Created 08-07-2015 08:19 AM
In general 3 files are needed:
1) Linux shell-script to invoke
2) Sql file with impala queries/commands
3) Keytab
Those 3 files should be uploaded to the workflow deployment folder of the Oozie wf, and references as:
<workflow-app name="logdirs" xmlns="uri:oozie:workflow:0.4">
<start to="invalidate_oozie"/>
<action name="invalidate_oozie" cred="">
<shell xmlns="uri:oozie:shell-action:0.1">
<job-tracker>${jobTracker}</job-tracker>
<name-node>${nameNode}</name-node>
<exec>${SHELL_SCRIPT}</exec>
<env-var>PYTHON_EGG_CACHE=./python-eggs</env-var>
<file>${SHELL_SCRIPT}#${SHELL_SCRIPT}</file>
<file>${KEYTAB_FILE}#${KEYTAB_FILE}</file>
<file>${SQL_FILE}#${SQL_FILE}</file>
<capture-output/>
</shell>
<ok to="end"/>
<error to="kill"/>
</action>
<kill name="kill">
<message>Action failed, error message[${wf:errorMessage(wf:lastErrorNode())}]</message>
</kill>
<end name="end"/>
</workflow-app>
Later replace the variables when invoking the workflow.

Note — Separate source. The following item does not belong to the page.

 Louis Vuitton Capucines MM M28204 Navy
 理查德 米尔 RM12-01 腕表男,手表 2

Then those 3 files will be avialble/reachable for the shell-script under the $PWD path.
So kinit -kt <keytab_file> -V <username> can be done from the linux shell-script as
kinit -kt $PWD/<keytab_file> -V <username>
and impala invoked as:
impala-shell -f $PWD/<sql_file>
In reallity, because the script is invoked from the PWD path, $PWD variable could be ommited. The important is to include the 3 files in the Shell action to make them available on runtime.
Created 10-01-2015 02:32 AM
I hope I didn't necro this one. I just want to ask if I need the python eggs if I just want to schedule a job for impala. and oh, since i am using the oozie web rest api, i wanted to know if there is any XML sample I could relate to, especially when I needed the SQL line to be dynamic enough. e.g. first http request would be "select * from table1" while the next from it would be "select * from table2".

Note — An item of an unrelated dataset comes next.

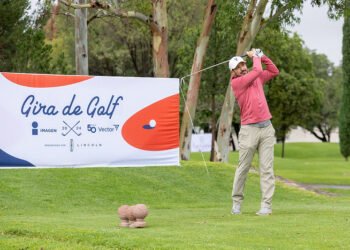 Gira de Golf Imagen Vector 2024 nuevamente en el Campestre este viernes 27 de septiembre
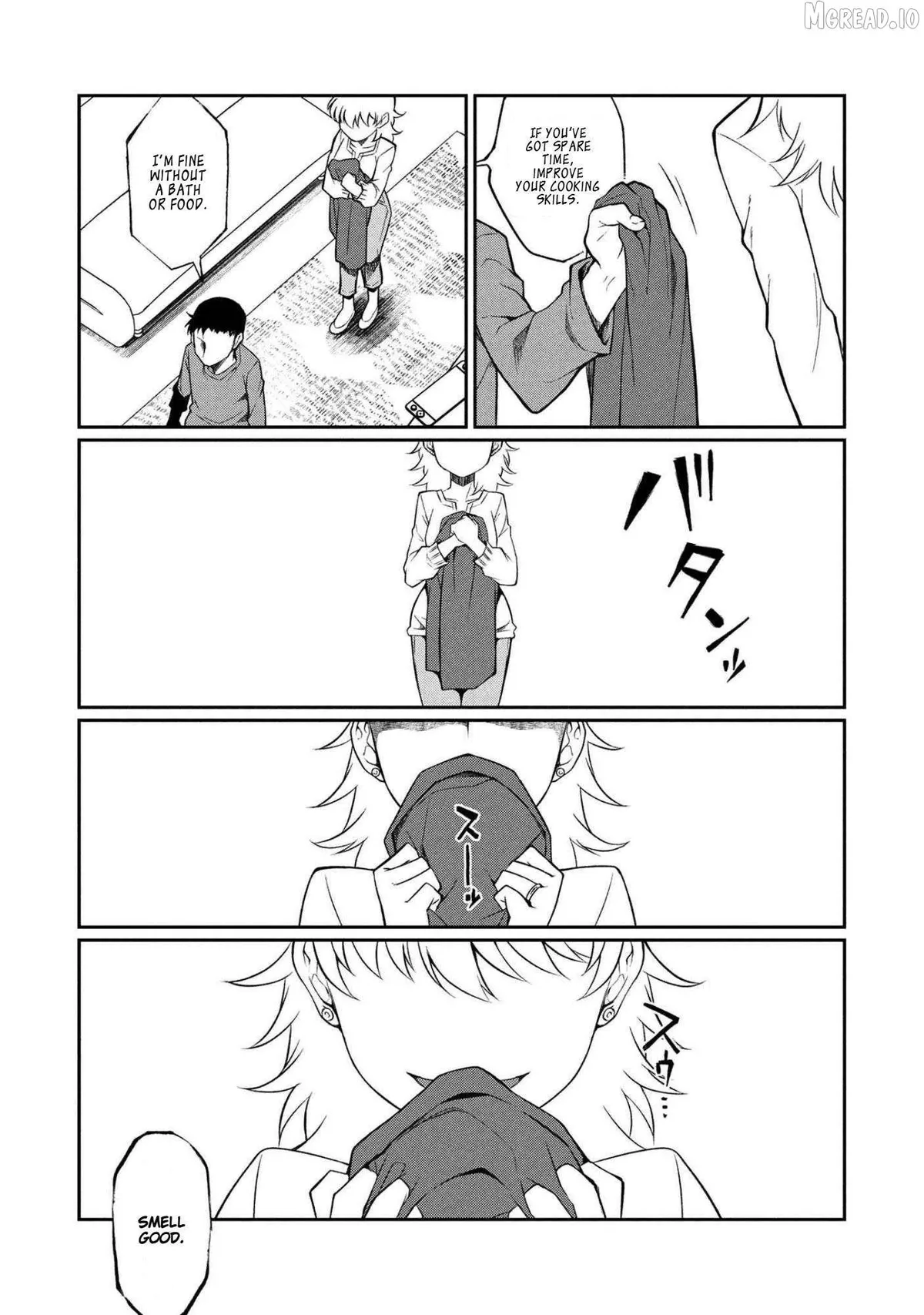 Otonari no Onee-san wa XXX Shitai Chapter 12 page 21 -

Created 10-01-2015 06:34 AM
Hello,
For me it didn't work without the python eggs thing.
In order to by dynamic I replaced some well defined sequences in the shell script.

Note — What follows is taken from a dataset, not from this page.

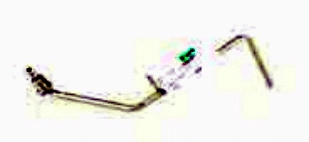 Pressure Pipe, pressure sensor (soot/particulate filter) (DL-514)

For example. I had my impala script something like this one:
select * from ${table1}; select * from ${table2};
Then in the shell script I did something like:
sed "s/\${table1}/my_real_table_one/g;s/\${table2}/my_real_table_two/g;" $LOCAL_FILE_PATH > $LOCAL_FILE_WITH_VARIABLE_REPLACED
I hope this and my other post with the copyToLocal command for copying in local will help you.
Alina GHERMAN
Created 02-22-2016 01:58 PM
Thanks to all who participated in this thread. Check out the Community Knowledge article we created based on it. 🙂
Created on 09-01-2016 03:40 AM - edited 09-01-2016 05:25 AM
2016-09-01 12:32:17,252 WARN org.apache.oozie.action.hadoop.ShellActionExecutor: SERVER[******] USER[****] GROUP[-] TOKEN[] APP[PV3] JOB[0000050-160512133914543-oozie-oozi-W] ACTION[0000050-160512133914543-oozie-oozi-W@shell-7170] Launcher ERROR, reason: Main class [org.apache.oozie.action.hadoop.ShellMain], main() threw exception, Cannot run program "shell-impala-invalidate.sh" (in directory "/data/4/yarn/nm/usercache/****/appcache/application_1463053085953_30120/container_e49_1463053085953_30120_01_000002"): error=2, No such file or directory 2016-09-01 12:32:17,252 WARN org.apache.oozie.action.hadoop.ShellActionExecutor: SERVER[******] USER[****] GROUP[-] TOKEN[] APP[PV3] JOB[0000050-160512133914543-oozie-oozi-W] ACTION[0000050-160512133914543-oozie-oozi-W@shell-7170] Launcher exception: Cannot run program "shell-impala-invalidate.sh" (in directory "/data/4/yarn/nm/usercache/****/appcache/application_1463053085953_30120/container_e49_1463053085953_30120_01_000002"): error=2, No such file or directory java.io.IOException: Cannot run program "shell-impala-invalidate.sh" (in directory "/data/4/yarn/nm/usercache/*******/appcache/application_1463053085953_30120/container_e49_1463053085953_30120_01_000002"): error=2, No such file or directory
I tried to follow the tutorial, but for some reasons i get the following error.
My workflow.xml
<workflow-app name="shell-impala-invalidate-wf" xmlns="uri:oozie:workflow:0.4"> <start to="shell-impala-invalidate"/> <action name="shell-impala-invalidate"> <shell xmlns="uri:oozie:shell-action:0.1"> <job-tracker>${jobTracker}</job-tracker> <name-node>${nameNode}</name-node> <configuration> <property> <name>mapred.job.queue.name</name> <value>${queueName}</value> </property> </configuration> <exec>shell-impala-invalidate.sh</exec> <file>shell-impala-invalidate.sh#shell-impala-invalidate.sh</file> <file>shell-impala-invalidate.sql#shell-impala-invalidate.sql</file> <file>****.keytab#****.keytab</file> </shell> <ok to="end"/> <error to="kill"/> </action> <kill name="kill"> <message>Action failed, error message[${wf:errorMessage(wf:lastErrorNode())}]</message> </kill> <end name="end"/> </workflow-app>
Shell:
#!/bin/bash LOG=/tmp/shell-impala-invalidate-$USER.log ls -alrtR > $LOG #This will show you all the files in the directory and their relative paths export PYTHON_EGG_CACHE=./myeggs /usr/bin/kinit -kt ***.keytab -V *** /usr/bin/klist -e >> $LOG hadoop fs -put $LOG /tmp #put the log file in HDFS to find it easily impala-shell -f shell-impala-invalidate.sql
I feel a bit of lost now. Could any of you please give me a push, what is wrong?
Thanks
Created 09-02-2016 02:51 AM
Hello,
Your problem is not linked to the impala scheduler, but to the shell. In fact oozie cannot find your shell file.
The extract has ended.